Kira also has a fractious relationship with Vedek (later Kai) Winn, a Bajoran religious leader who is in favour of separating her people from the influence of The Federation. In the final episode of the first season, Winn travels to Deep Space 9 in order to secretly plan the assassination of her rival (and Kira's lover) Vedek Bareil but fails (although Kira is unable to concretely prove that Winn was responsible). Kira nearly prevents Winn becoming the new Kai, but realises that doing so would reveal the truth about her predecessor Kai Opaka's role in a massacre and possibly lead Bajor into a civil war. Winn and Kira remain adversaries even when working together in Bajor's interests, especially when Winn attempts to interfere in government matters. Later in the sixth season, Kira is possessed by a Prophet and nearly defeats a rival Pah-Wraith which has possessed Jake Sisko, but Winn floods the station with chroniton radiation and the reckoning is stopped; Kira is furious that Winn has defied the will of the Prophets and that the Pah-Wraiths remain at large.
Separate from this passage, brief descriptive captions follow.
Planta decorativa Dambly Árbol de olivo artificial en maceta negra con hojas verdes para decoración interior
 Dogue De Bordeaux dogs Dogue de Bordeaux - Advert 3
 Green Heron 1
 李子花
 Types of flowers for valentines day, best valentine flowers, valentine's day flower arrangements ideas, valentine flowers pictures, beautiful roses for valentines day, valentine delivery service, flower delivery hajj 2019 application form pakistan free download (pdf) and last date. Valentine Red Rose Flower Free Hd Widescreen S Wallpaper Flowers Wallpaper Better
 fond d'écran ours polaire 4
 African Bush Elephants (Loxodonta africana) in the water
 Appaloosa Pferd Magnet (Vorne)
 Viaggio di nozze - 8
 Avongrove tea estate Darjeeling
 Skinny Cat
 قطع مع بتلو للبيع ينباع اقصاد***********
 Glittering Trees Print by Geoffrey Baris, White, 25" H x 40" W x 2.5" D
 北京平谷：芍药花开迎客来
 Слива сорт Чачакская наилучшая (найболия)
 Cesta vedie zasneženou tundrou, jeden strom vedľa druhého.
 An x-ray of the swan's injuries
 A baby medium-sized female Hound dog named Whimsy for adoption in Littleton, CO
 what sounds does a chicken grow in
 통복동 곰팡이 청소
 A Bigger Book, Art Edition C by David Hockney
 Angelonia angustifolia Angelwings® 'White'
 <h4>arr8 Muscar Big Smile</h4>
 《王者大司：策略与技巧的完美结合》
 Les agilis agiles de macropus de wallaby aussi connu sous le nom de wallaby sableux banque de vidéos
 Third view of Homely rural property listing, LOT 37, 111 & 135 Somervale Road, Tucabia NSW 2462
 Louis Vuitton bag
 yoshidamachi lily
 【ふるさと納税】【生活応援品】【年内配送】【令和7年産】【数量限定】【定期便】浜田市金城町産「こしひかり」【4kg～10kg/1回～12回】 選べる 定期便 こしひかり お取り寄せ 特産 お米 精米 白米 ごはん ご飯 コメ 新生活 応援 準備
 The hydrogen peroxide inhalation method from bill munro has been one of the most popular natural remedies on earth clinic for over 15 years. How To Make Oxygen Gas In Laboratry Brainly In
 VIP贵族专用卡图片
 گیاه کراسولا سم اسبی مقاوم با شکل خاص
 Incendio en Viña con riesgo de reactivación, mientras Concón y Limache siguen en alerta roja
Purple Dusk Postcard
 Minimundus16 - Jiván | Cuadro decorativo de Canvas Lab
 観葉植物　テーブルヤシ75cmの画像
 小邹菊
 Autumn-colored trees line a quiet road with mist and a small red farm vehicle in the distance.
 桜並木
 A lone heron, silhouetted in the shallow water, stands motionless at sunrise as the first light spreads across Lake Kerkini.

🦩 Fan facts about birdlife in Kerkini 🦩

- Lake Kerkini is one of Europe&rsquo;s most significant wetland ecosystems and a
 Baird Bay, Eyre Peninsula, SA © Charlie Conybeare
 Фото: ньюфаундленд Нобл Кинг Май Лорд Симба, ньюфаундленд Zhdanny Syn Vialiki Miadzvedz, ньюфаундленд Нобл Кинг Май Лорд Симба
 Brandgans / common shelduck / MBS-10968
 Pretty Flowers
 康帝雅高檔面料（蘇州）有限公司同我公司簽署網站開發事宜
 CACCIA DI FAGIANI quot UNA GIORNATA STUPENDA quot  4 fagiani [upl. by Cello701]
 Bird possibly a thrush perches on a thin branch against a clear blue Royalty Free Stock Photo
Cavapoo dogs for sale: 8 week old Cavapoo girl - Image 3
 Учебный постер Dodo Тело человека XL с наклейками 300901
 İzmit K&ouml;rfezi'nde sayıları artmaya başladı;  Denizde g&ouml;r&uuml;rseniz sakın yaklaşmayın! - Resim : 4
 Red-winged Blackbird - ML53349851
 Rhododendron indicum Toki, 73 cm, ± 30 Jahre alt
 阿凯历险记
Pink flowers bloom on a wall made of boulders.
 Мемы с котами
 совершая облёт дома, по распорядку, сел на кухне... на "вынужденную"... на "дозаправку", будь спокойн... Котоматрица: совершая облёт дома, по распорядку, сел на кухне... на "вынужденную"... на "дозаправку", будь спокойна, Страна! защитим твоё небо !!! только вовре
In the final season, Winn again visits the station and Kira tries to convince her to step aside as Kai. A furious Winn refuses and this drives her into the arms of Dukat as they plan to release the Pah-Wraiths together.
Non-canonical information
[edit]In the licensed Star Trek novels (which are not considered canonical by Paramount), following the conclusion of the television series Star Trek: Deep Space Nine, Kira Nerys takes charge of the Deep Space Nine space station as its permanent commanding officer. With the conclusion of the first wave of Deep Space Nine novels in Unity, Bajor finally joins the Federation, and Kira is given the Starfleet rank of Captain. Kira opens every Bajoran Orb simultaneously in a sacred place in order to defeat a monstrous enemy. This also causes the return of Benjamin Sisko from the Celestial Temple to the corporeal world.
In the 2019 documentary What We Left Behind, former showrunner Ira Steven Behr and several former writers of the series participated in a "what-if" planning session for an eighth season, where Kira has resigned from Starfleet and the Bajoran Militia and is a vedek in the Bajoran religious order.
Mirror Universe
[edit]The character of Kira Nerys also exists in the Mirror Universe. In the DS9 episode "Crossover", Kira encounters her mirror self, who is the cruel, powerful Intendant of the station (still called Terok Nor), with Elim Garak as her first officer. Kira convinces the mirror-Sisko to rebel against the Intendant-Kira and start the Terran Resistance. This group is later successful in taking command of Terok Nor and capturing the Intendant, but she manages to escape with the help of mirror-Nog. Eventually, the escaped Intendant convinces the alternate universe's Bareil Antos to travel to the regular universe in order to obtain an Orb of the Prophets. The mirror Kira falls in love with her double from the other universe. At the time, Nana Visitor dismissed the idea of her character being bisexual, saying that she intended to portray this as "total narcissism on her part. It had nothing to do with sexuality". However, later episodes continued to show her surrounded by a mixed-gender harem, and eventually depicted her being in a romantic relationship with her universe's version of Ezri Tigan.
Casting
[edit]In the early stages of planning Deep Space Nine, the series' creators wanted to bring in the Bajoran character Ensign Ro Laren, who was a recurring character in Star Trek: The Next Generation. Michelle Forbes, who had portrayed Ensign Ro, turned down the offer, so a new Bajoran character was created instead.[1] Nana Visitor had just given birth to a baby boy mere months before she was called to audition for the role of Kira Nerys, and her becoming a mother actually shaped her decision process for accepting or turning down roles. With the character of Kira Nerys, Visitor felt "completely engaged on every level by the part".[2]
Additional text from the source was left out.